Health Sciences North's Children's Treatment Centre will benefit from a provincial commitment to provide an additional $5 million in funding for the province's 21 similar centres.

“Facilities like this need as much predictability as possible in terms of funding,” said Tracy MacCharles, Minister of Children's and Youth Services, during the announcement Wednesday in Sudbury.

For the Sudbury Children's Treatment, located at the Ramsey Lake Health Centre, the extra funding will translate to $154,000 per year.

The province has also invested an additional $1.25 million in one-time funding for children's treatment centres across the province.

In Sudbury, that means an extra $62,500 for the 2014-2015 fiscal year.

“Any kind of funding is wonderful,” said Julie Contini, whose five-year-old son, Peter, has used the centre's services since he was born.

“It will increase services and enhance whatever equipment they need for the children.”

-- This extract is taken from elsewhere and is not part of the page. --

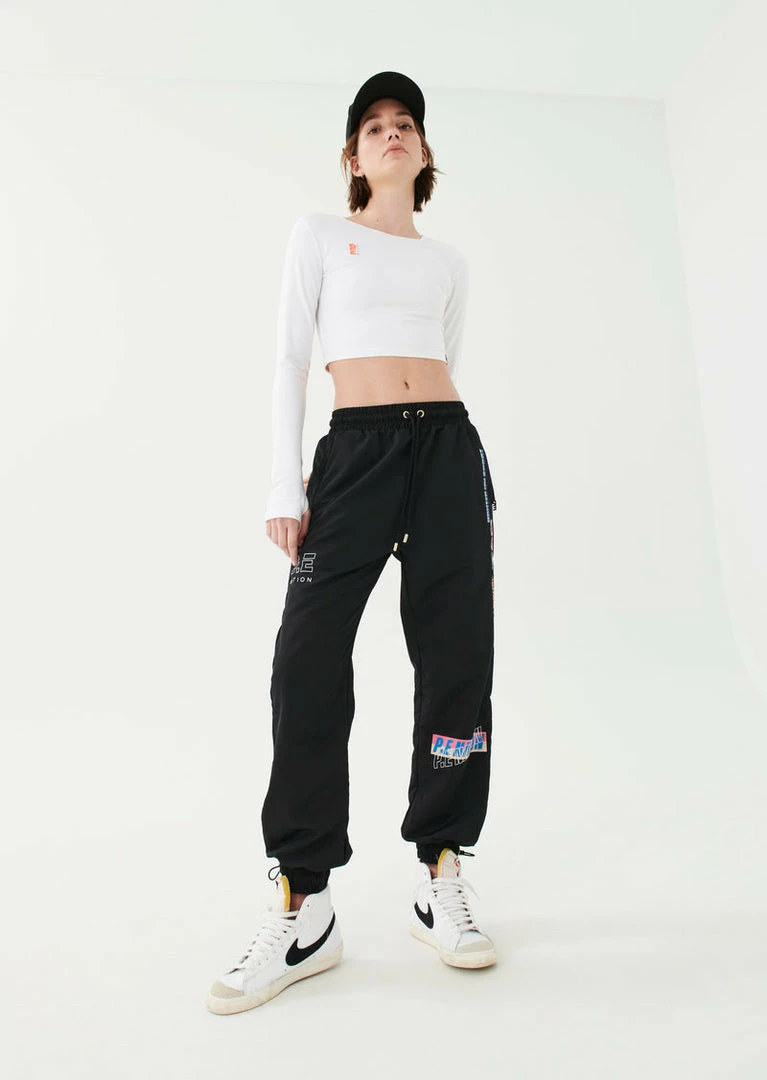 P.E NATION HALF VOLLEY TRACKPANT IN BLACK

Peter was born with Down syndrome, and his mother said the physiotherapy and speech pathology he has received at at the centre has helped his development tremendously.

“The staff here are wonderful,” said Contini. “They love their jobs and they love the children.”

Joanne Tramontini, clinical manager at the Children's Treatment Centre, said the new influx of yearly funding will help reduce wait times for services by hiring more staff and adding hours for current employees.

“We still have children who are waiting sometimes 12 months, 18 months, two years,” she said.

For one program, she added, wait times are as long as three years.

The centre helps between 1,600 and 2,000 children each year through a wide variety of programs.

Those include physiotherapy, an infant child development program and even classrooms.

Children who attend the classrooms spend half their days at the centre, and the other half at their community school.

“While they're here, they receive intensive physiotherapy, occupational therapy and speech therapy,” Tramontini said.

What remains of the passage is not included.